# Loading bench



## ac700wildcat (Oct 30, 2006)

What does everyone use for a reloading bench? I need to get something for one but am not sure what I want to get right now. Something cheaper would be nice for now if possible.

Thanks
Matt


----------



## Csquared (Sep 5, 2006)

Can it be permanent, or does space mandate a somewhat portable work station?


----------



## Csquared (Sep 5, 2006)

Can it be permanent, or does space mandate a somewhat portable work station?


----------



## ac700wildcat (Oct 30, 2006)

Either one works I'm goin to put it in my "hunting room" and have a pretty good amound of space. I would like to be able move it eventually because I am goin to be redoing the walls soon. Thanks for all your help once again i really appreciate it. BTW all I need to start loading now is the bench and some powder that i can pick up in town anytime.


----------



## Longshot (Feb 9, 2004)

I posted this on another thread, but here it is.

Here is my home made bench. If I remember correctly the material came to around $50 and was easy to build.



















Hope this helps.


----------



## ac700wildcat (Oct 30, 2006)

Looks pretty good longshot. What did you use for the top?


----------



## People (Jan 17, 2005)

I use an old wooden door that is sitting on one cabinet then reasting on wood along the walls. Mine is 8 feet long if I had to do it over I would use 2X10's put side by side with 2X4's screwed to the bottom so they would look like a short T. Then would put MDF or thick plywood on the top to make it a little stronger. 
The problem I am having now is some times when recising 7.62 brass I will actually will lift the door off the rest it sits on and it is kind of bending due to the weight of the door and stuff on it. My plan would increase weight and strength. adding angle iron on the very front would add much strength and give you a very hard surface for nuts to grab onto for your presses and tools.


----------



## Horsager (Aug 31, 2006)

Longshot, you are one sick bastid for keeping your loading bench so clean and uncluttered!! :bowdown: :bowdown: :bowdown:


----------



## MNGOOSEER (Jun 12, 2006)

yeah no kidding thats way to clean of a bench when i reload i gotta take a extra 1/2 hour just to clean mine so i can see mine but it is getting better i have used alot of different benches but a old solid core wood door works great


----------



## ac700wildcat (Oct 30, 2006)

I was roaming through our Mac's store here today and found that they have pieces of countertop there that maybe someone had only needed a certain length and left the rest. If i remember right they were something like $3.99/foot. I think I might use that for the bench top and probably build the legs from 4x4's and then sturdy it up with 2x4's or something. Then i might build a divided cabinet with shelves on the bottom part later on to store stuff in. Sound good? Anything else I might want to include?

Thanks 
Matt


----------



## Longshot (Feb 9, 2004)

Hey ac700wildcat, I used 2x6 for the top, 2x4 throughout, with 1/4" board for the doors.

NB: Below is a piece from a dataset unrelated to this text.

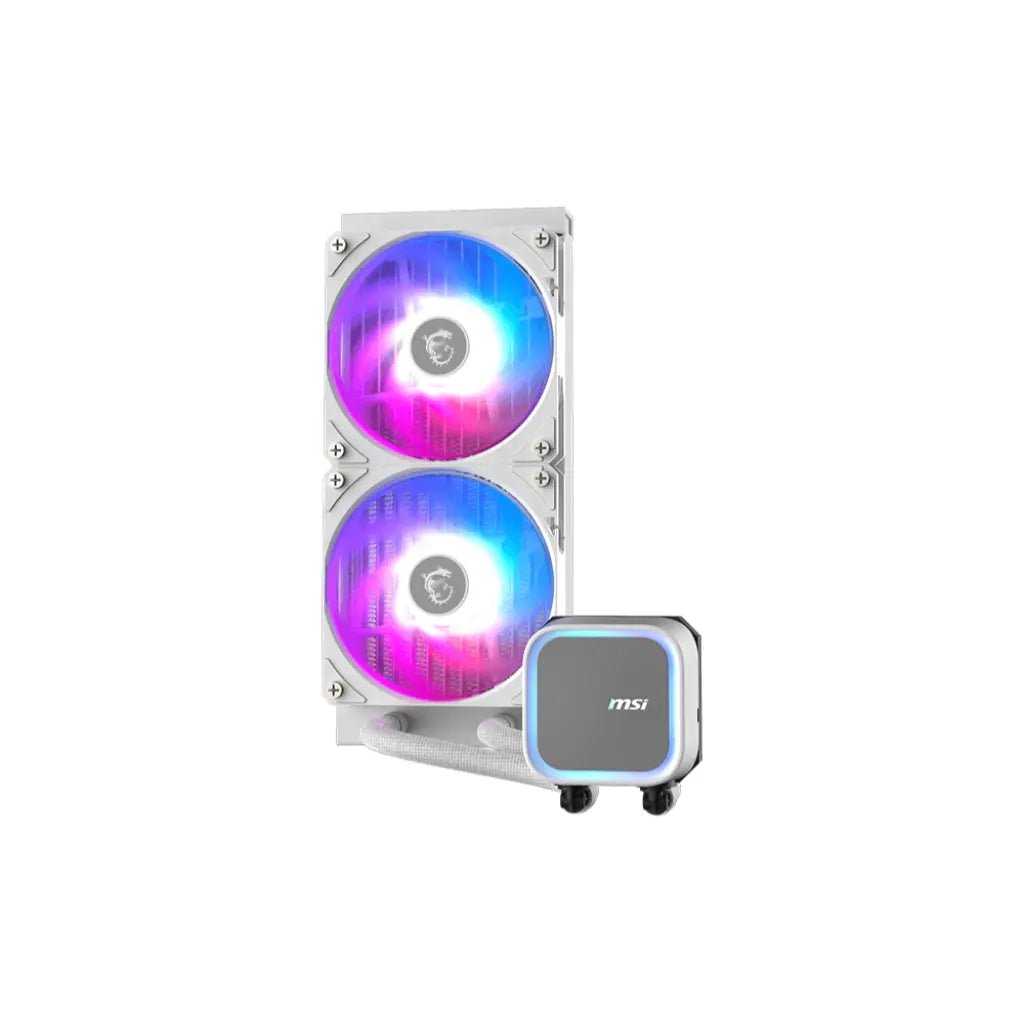 MSI MAG CORELIQUID A13 240mm ARGB All-In-One Liquid CPU Cooler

As to the rest giving me a bad time, I took the opportunity when it was clean. This is how it usually looks and the reason for the doors. :lol:



















:sniper:


----------



## Gohon (Feb 14, 2005)

A counter top is what I used to make mine but I did buy they two end pieces (kitchen cabinets) for the project. The brown drawer cabinet in the center is a old desk that I removed the top of, cut off the legs and nailed the thing together for a additional 8 drawer storage bin and the shelves on top of the counter are just scrap lumber I cut down and stained. All total I think I spent about $150. You can't pick it up and move it around but it disassembles very easily.


----------



## Danimal (Sep 9, 2005)

here is a plan for a corner reloading bench. Granted, it would take some time to build it.

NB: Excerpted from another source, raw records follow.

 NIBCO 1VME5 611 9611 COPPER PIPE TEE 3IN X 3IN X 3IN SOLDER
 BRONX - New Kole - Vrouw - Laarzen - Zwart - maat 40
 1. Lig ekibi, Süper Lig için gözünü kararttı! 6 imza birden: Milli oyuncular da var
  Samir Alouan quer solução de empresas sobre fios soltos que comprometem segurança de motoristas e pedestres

http://www.ray-vin.com/tech/cornerbench.htm


----------



## Longshot (Feb 9, 2004)

Gohon, nice setup. I especially like the piano lamp.

:lol:


----------



## Sin man (Jul 25, 2006)

i have a bench in my basement that came with the house but its crappy so i went to a high school auction and got an old science table for 5 bucks. its made out of solid oak and wheighs a ton so it should work great.


----------



## kizlode (Nov 18, 2006)

Built mine using 2x4s for the frame, and a double layer of 7/16 osb for the top. Also added a shelf unit made of 2x 10 lumber I had left over from one of last summer's projects. Most of the lumber used was left over stuff.
And my wife wonders why I never throw that kind of stuff away!!!


----------



## P Shooter (Jan 20, 2007)

Built mine with a used countertop from a local cabinetmaker(free).Used 4x4's for legs,2x4's as cross members,and used 3/4 pine for a shelf underneath.

I doubled the material under the top using 3/4 flakeboard scraps.(also free at same shop.)This made it stronger and heavier.Be sure to glue it also w/ wood glue.

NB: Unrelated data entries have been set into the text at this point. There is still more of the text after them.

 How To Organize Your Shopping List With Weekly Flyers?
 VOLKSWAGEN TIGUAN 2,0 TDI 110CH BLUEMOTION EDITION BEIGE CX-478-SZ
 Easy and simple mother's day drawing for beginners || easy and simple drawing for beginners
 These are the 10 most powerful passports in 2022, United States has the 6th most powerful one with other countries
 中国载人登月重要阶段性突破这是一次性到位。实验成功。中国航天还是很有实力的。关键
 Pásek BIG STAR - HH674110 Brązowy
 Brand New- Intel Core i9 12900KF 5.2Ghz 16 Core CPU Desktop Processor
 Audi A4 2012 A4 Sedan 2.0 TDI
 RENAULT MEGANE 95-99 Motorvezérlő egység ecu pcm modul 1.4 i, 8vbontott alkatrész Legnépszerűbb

The shelf underneath I use for storage and also place a foot on it when I set the primers in all my cases.

Check your press for any clearance you may need on the front edge of the top.In other words you may need the tabletop to sticck out an inch or so from the "supporting surface".

Jeff


----------



## ac700wildcat (Oct 30, 2006)

I ended up going with a 2x4 frame and a 4' piece of countertop from a local hardware store. Built it about 40" high to the countertop and it seems to work well for me. I kinda wish I woulda seen the last post before building it tho cuz it woulda been nice to have a little overhang off the front instead of having to chip away at the 2x4 to make the press work right. I put a shelf a foot off the floor and will eventually put some panels in the sides and the rear and make some shelving of some sort to store stuff.

Thanks for all the help guys,
Matt


----------